In his well-known speech at Cairo University in 2009, President Obama had the following to say about the issue:
The only resolution is for the aspirations of both sides to be met through two states, where Israelis and Palestinians each live in peace and security. That is in Israel’s interest, Palestine’s interest, America’s interest, and the world’s interest. And that is why I intend to personally pursue this outcome with all the patience and dedication that the task requires.
If Obama is genuinely interested in achieving a peaceful settlement to the conflict, upholding U.S. interests, and leaving behind a legacy consistent with his word, he should immediately recognize the state of Palestine.
The official U.S. position is that Palestinians and Israelis can only achieve peace through direct negotiations with each other. Yet after nearly 70 years, not a single round of negotiations has benefited the Palestinian people. On the contrary, Israel continues to occupy their land and persecute them with near impunity. Palestinian citizens of Israel are treated as second-class, both in practice and under racist Israeli laws. In addition, Israel has absolutely no intention of addressing the right of return of Palestinian refugees exiled in 1948.

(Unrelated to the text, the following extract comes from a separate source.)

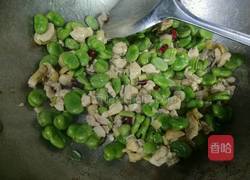 蚕豆烧鸡肉的做法图解12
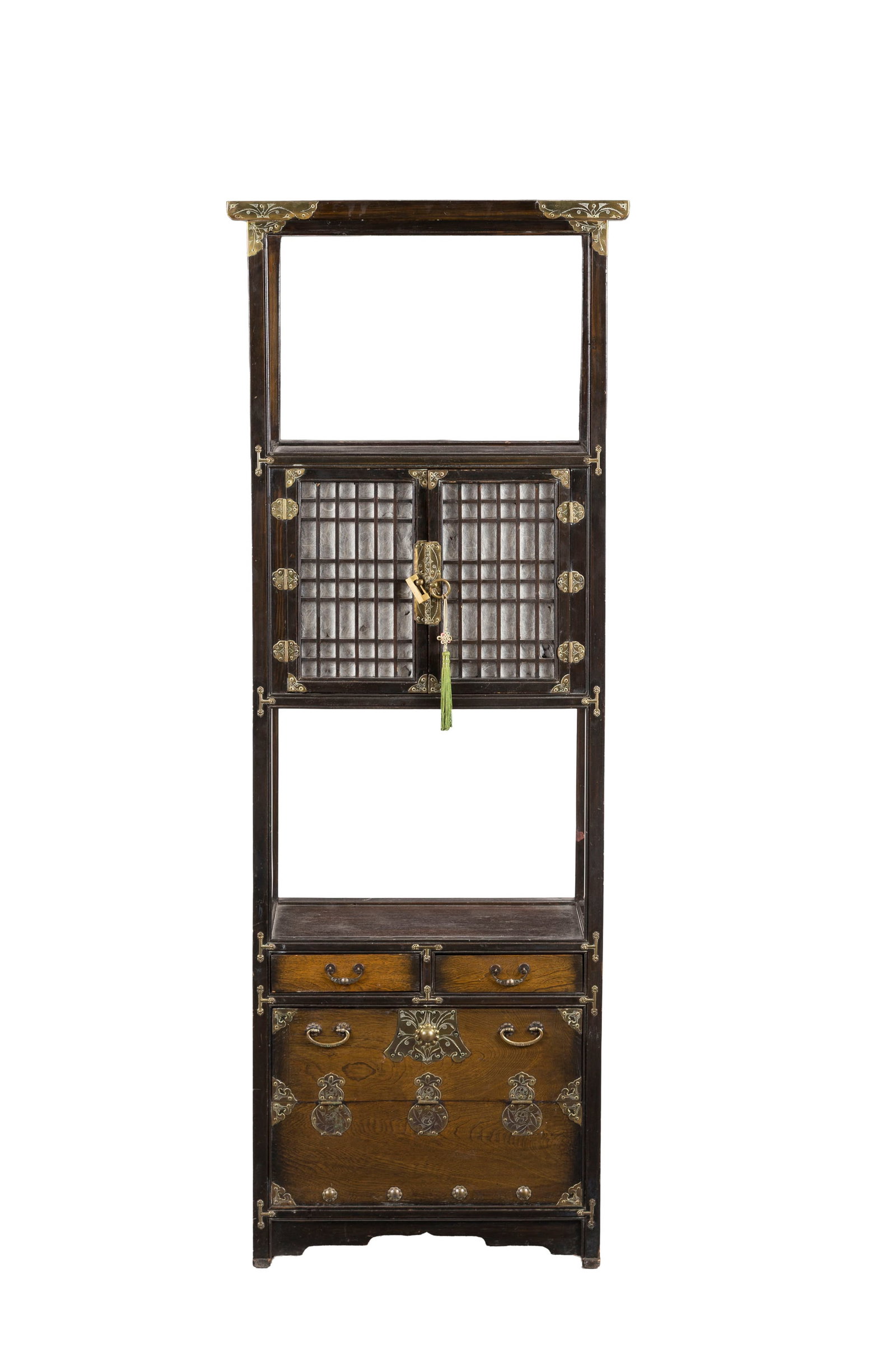 Étagère, Corée, XXe s., en bois naturel et bois noirci, ouvrant par deux vantaux, deu: Étagère, Corée, XXe s., en bois naturel et bois noirci, ouvrant par deux vantaux, deux tiroirs et un abattant (verrouillé), 166x61x35 cm Condition pas de clé: abattant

The massive disparity in power between Israel and Palestinians, coupled with unquestioning U.S. support, allow Israel to perpetuate these injustices with minimal consequences, if any at all. Simply put, Israel is a bully, and bullies do not change their ways unless they are forced to. Surely President Obama realizes this simple equation, but does he have the willpower to take an honest step in holding Israel accountable?
As expected, Carter’s proposal was met with sharp criticism, if not outright derision, from the supporters of Israel. One of the more prominent responses was written by Aaron David Miller, who served as a Middle East negotiator under three presidential administrations, both Democratic and Republican. In the CNN op-ed, Miller argues that President Obama should not follow Carter’s advice to recognize Palestinian statehood. He contends that a unilateral move by the U.S. would likely “make matters worse,” while also undermining U.S. credibility. But despite what he claims, matters are already very bleak for Palestinians, and it is obvious that the U.S. is not and never has been an impartial or reliable peace partner.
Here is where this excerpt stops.